◆ Records to process:
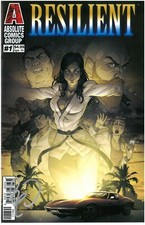 Resilient #1  (Absolute Comics Group, 2021) Signed by: Benny Powell w/COA
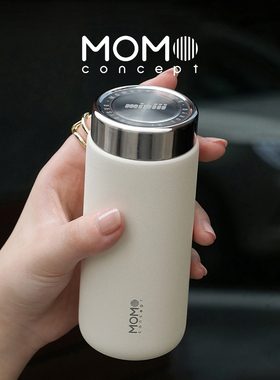 日本momo保温杯316不锈钢mini迷你口袋可爱女生小巧便携随行水杯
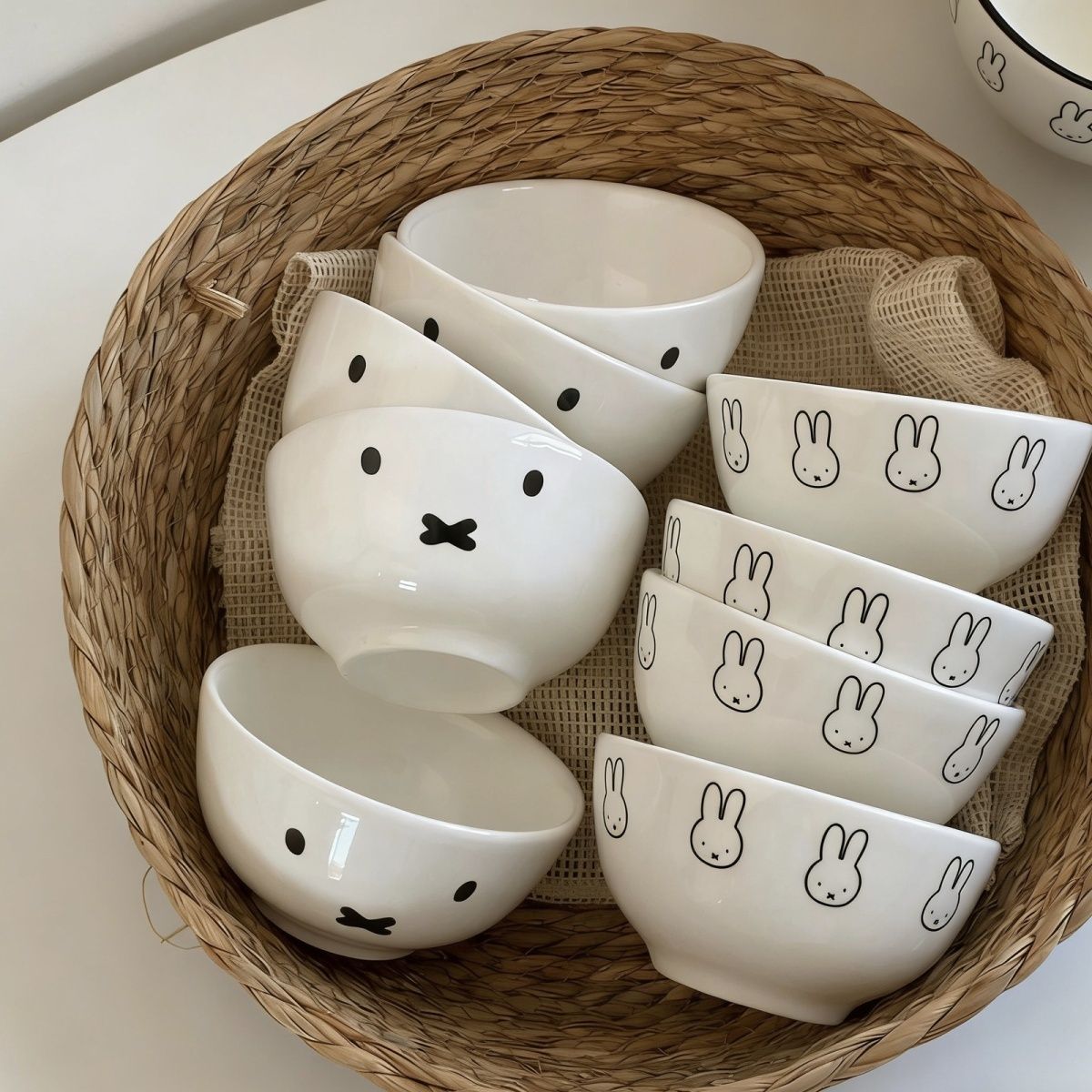 Anime Schattige Nijntje Eenvou - Bamboo Cutlery recensie en prijs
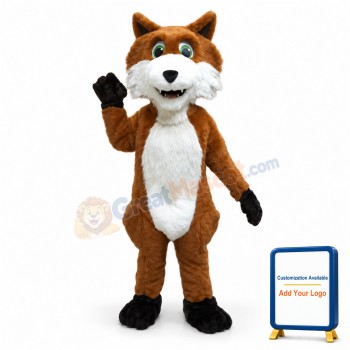 Cute Lightweight Fox Mascot Costume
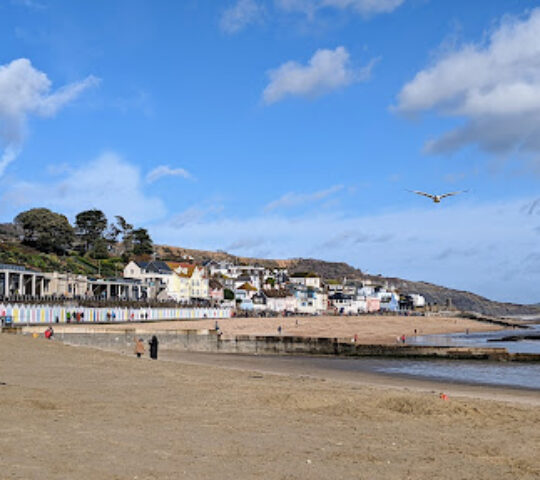Lyme Regis Beach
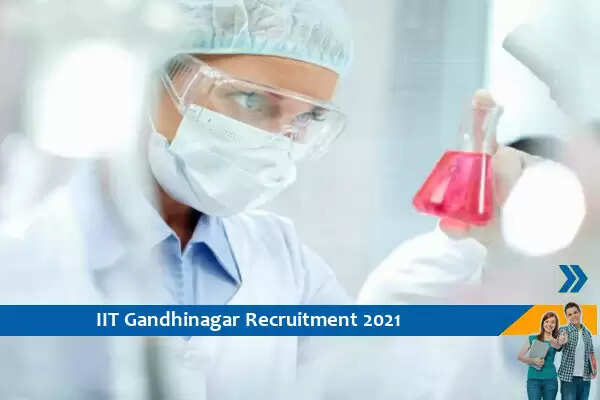 IIT Gandhinagar Recruitment for the post of Research Associate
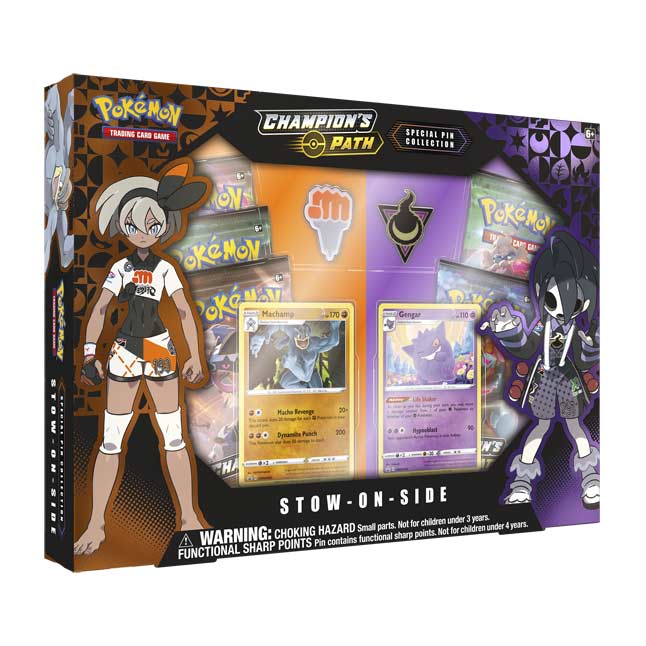 Pokemon TCG Champion’s Path - Stow-on-Side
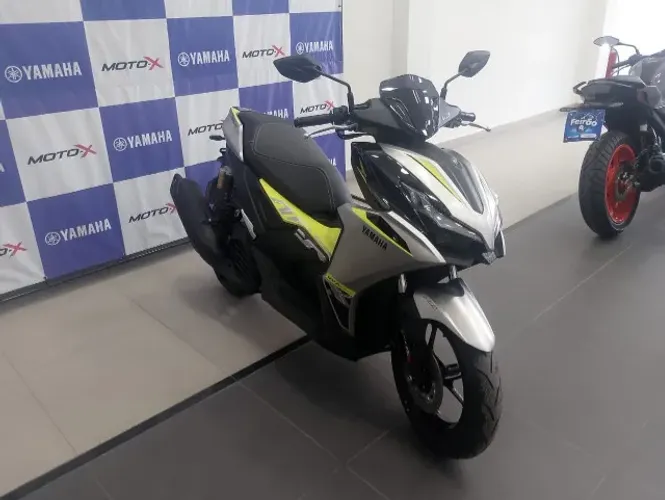YAMAHA AEROX ABS CONNECTED 160cc 0KM ? BRINDE INCLUSO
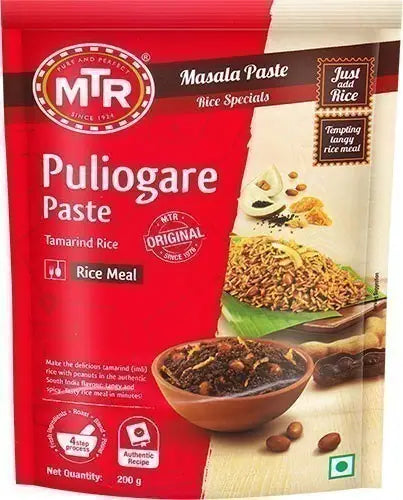 Mtr Puliogare Paste 200Gm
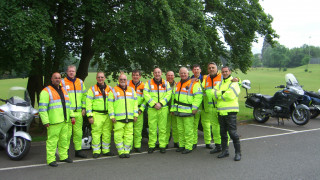 Officials and Volunteer training in Wales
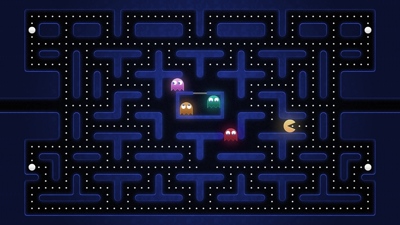 Pac-Man - Fanart - Background (World) - 1920x1080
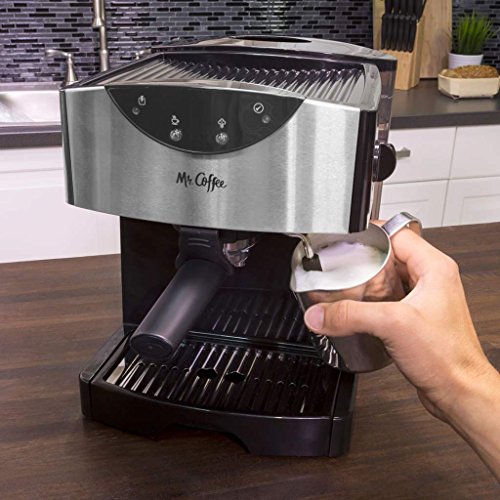 Mr. Coffee Automatic Dual Shot Espresso System Mr. Coffee Automatic Dual Shot Espresso System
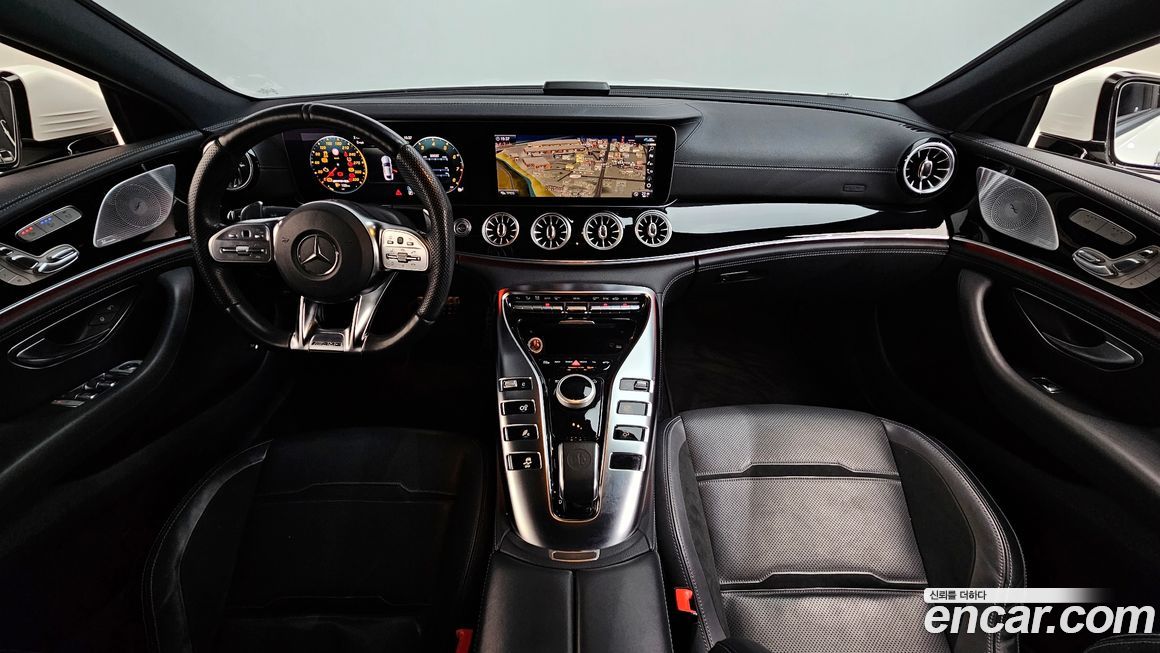 Mercedes-Benz AMG GT 2020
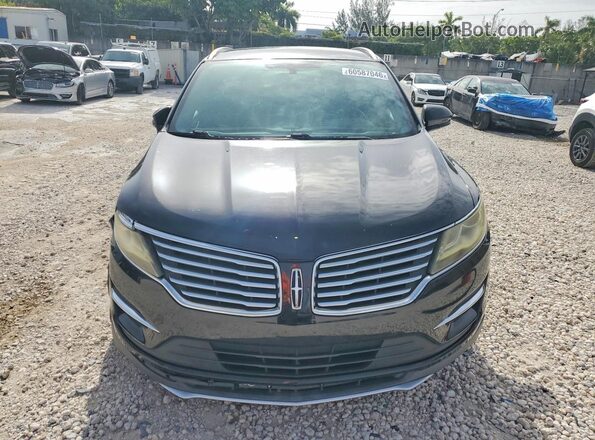 5LMCJ1C90GUJ04476 2016 LINCOLN MKC Black Widok z przodu
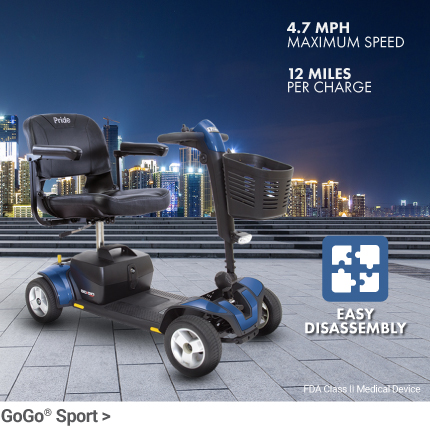 Go Go Sport 4-Wheel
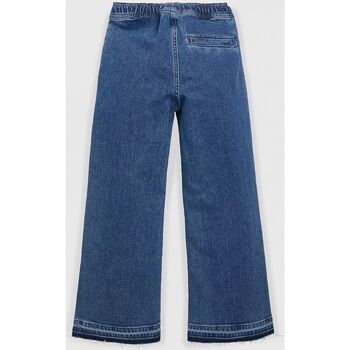Vêtements Fille Jeans Tommy Hilfiger KG0KG06856 EWB WIDE-IA8 FLOPPYRIGID Bleu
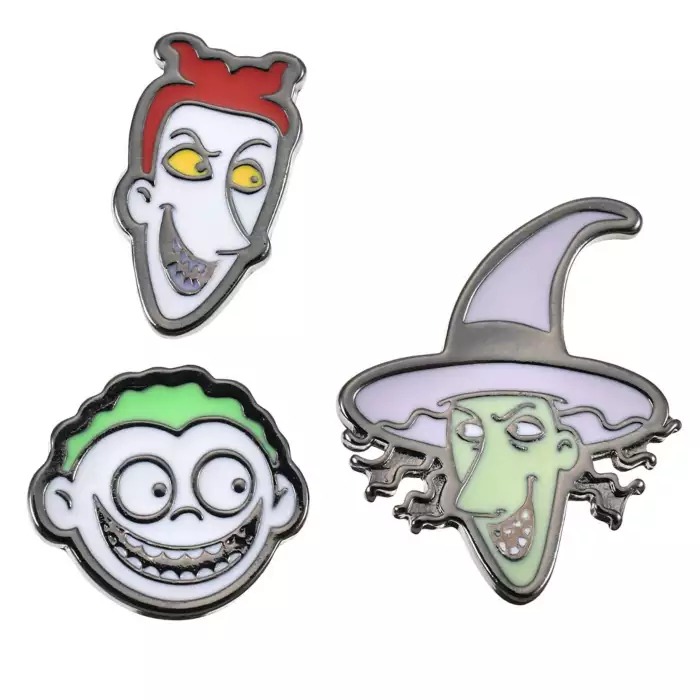 🎀【預訂】耳夾套裝 - 2026 TIM BURTON'S THE NIGHTMARE BEFORE CHRISTMAS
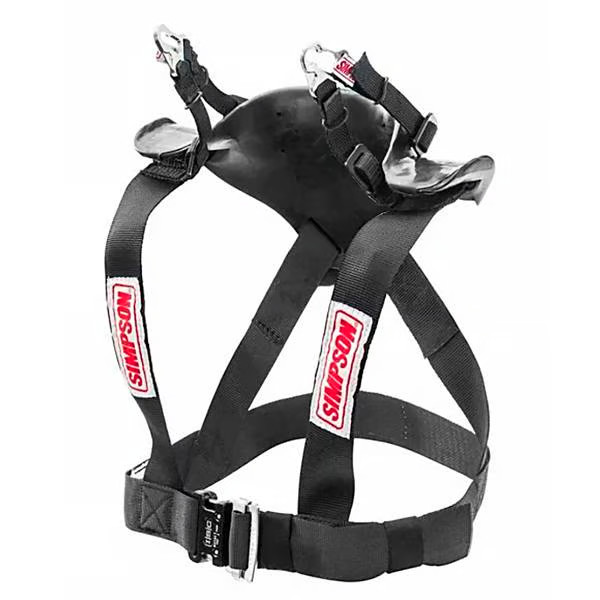 Simpson Racing HSXLG11PA Hybrid Sport Head Restraint XL PA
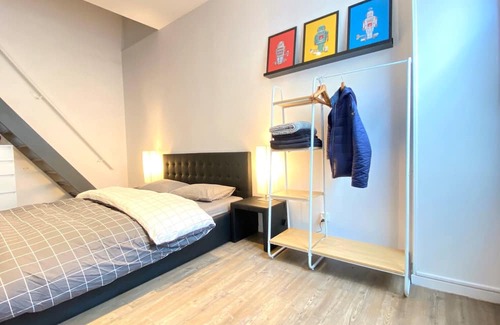 Saint-Pierre - Rene II - Bonsecours Apartamento | Studio Moderne de 28m2 au Coeur de Nancy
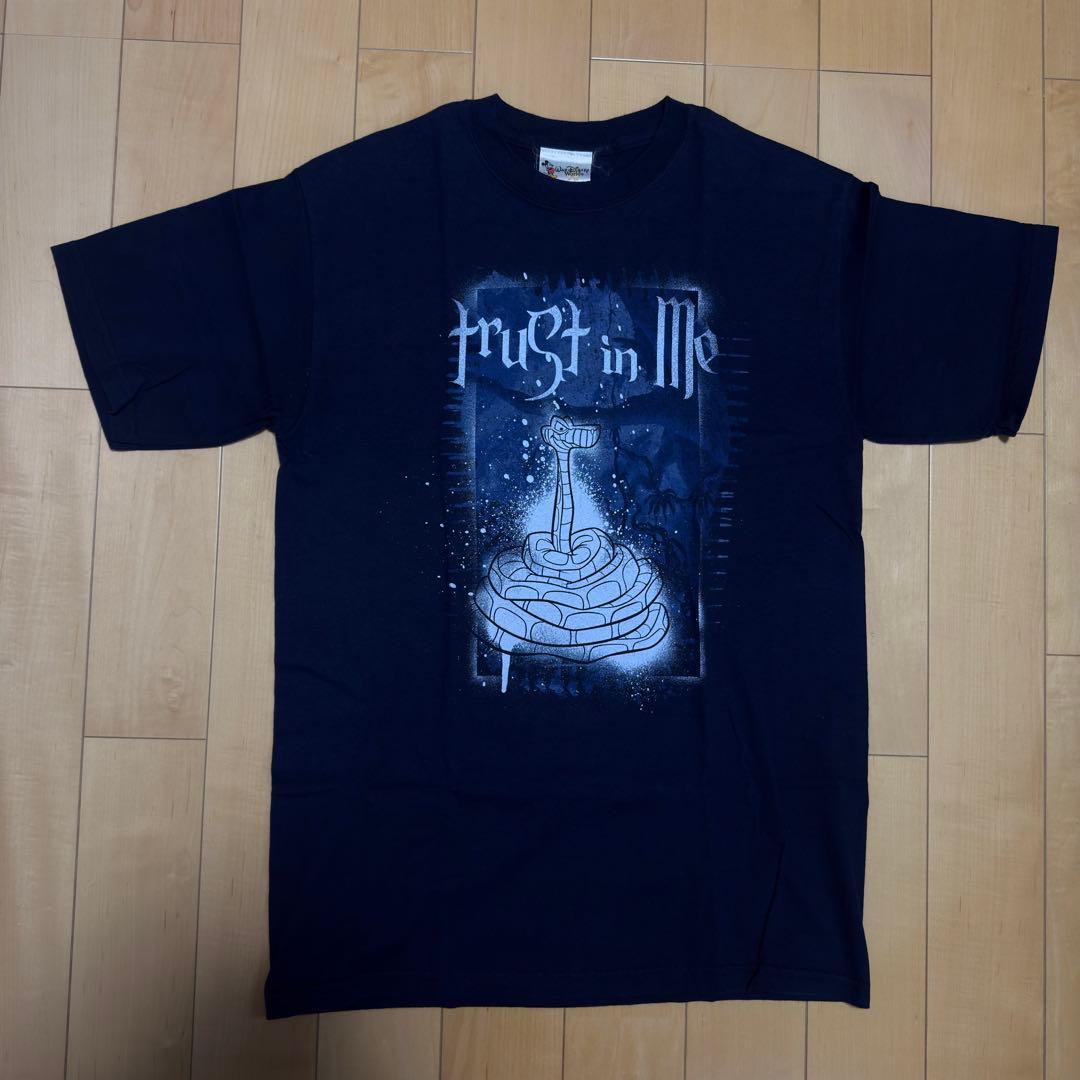 ディズニー ジャングル・ブック カー Tシャツ Mサイズ相当 ヴィンテージ 古着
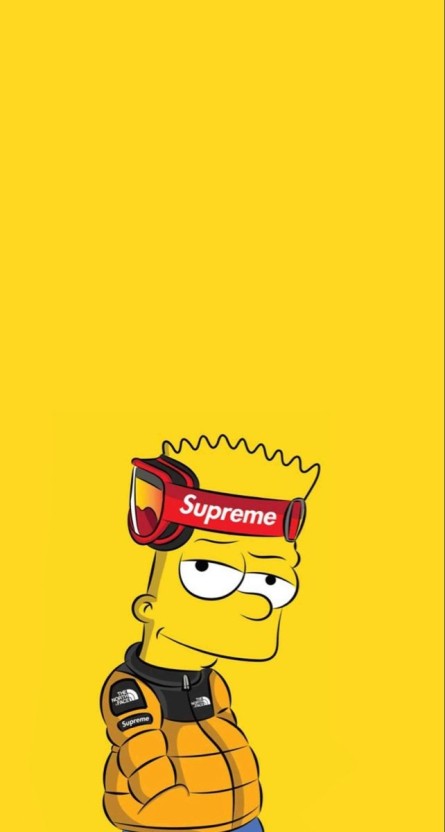 unique gangsta bart simpson wallpaper options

◆ Task directions:
Print, exactly, each line above from the one with "Go Go Sport 4-Wheel" to the one with "ディズニー ジャングル・ブック カー Tシャツ Mサイズ相当 ヴィンテージ 古着", end lines included. Leave pictures out of it.

◆ Output for this task:
 Go Go Sport 4-Wheel
Vêtements Fille Jeans Tommy Hilfiger KG0KG06856 EWB WIDE-IA8 FLOPPYRIGID Bleu
 🎀【預訂】耳夾套裝 - 2026 TIM BURTON'S THE NIGHTMARE BEFORE CHRISTMAS
 Simpson Racing HSXLG11PA Hybrid Sport Head Restraint XL PA
 Saint-Pierre - Rene II - Bonsecours Apartamento | Studio Moderne de 28m2 au Coeur de Nancy
 ディズニー ジャングル・ブック カー Tシャツ Mサイズ相当 ヴィンテージ 古着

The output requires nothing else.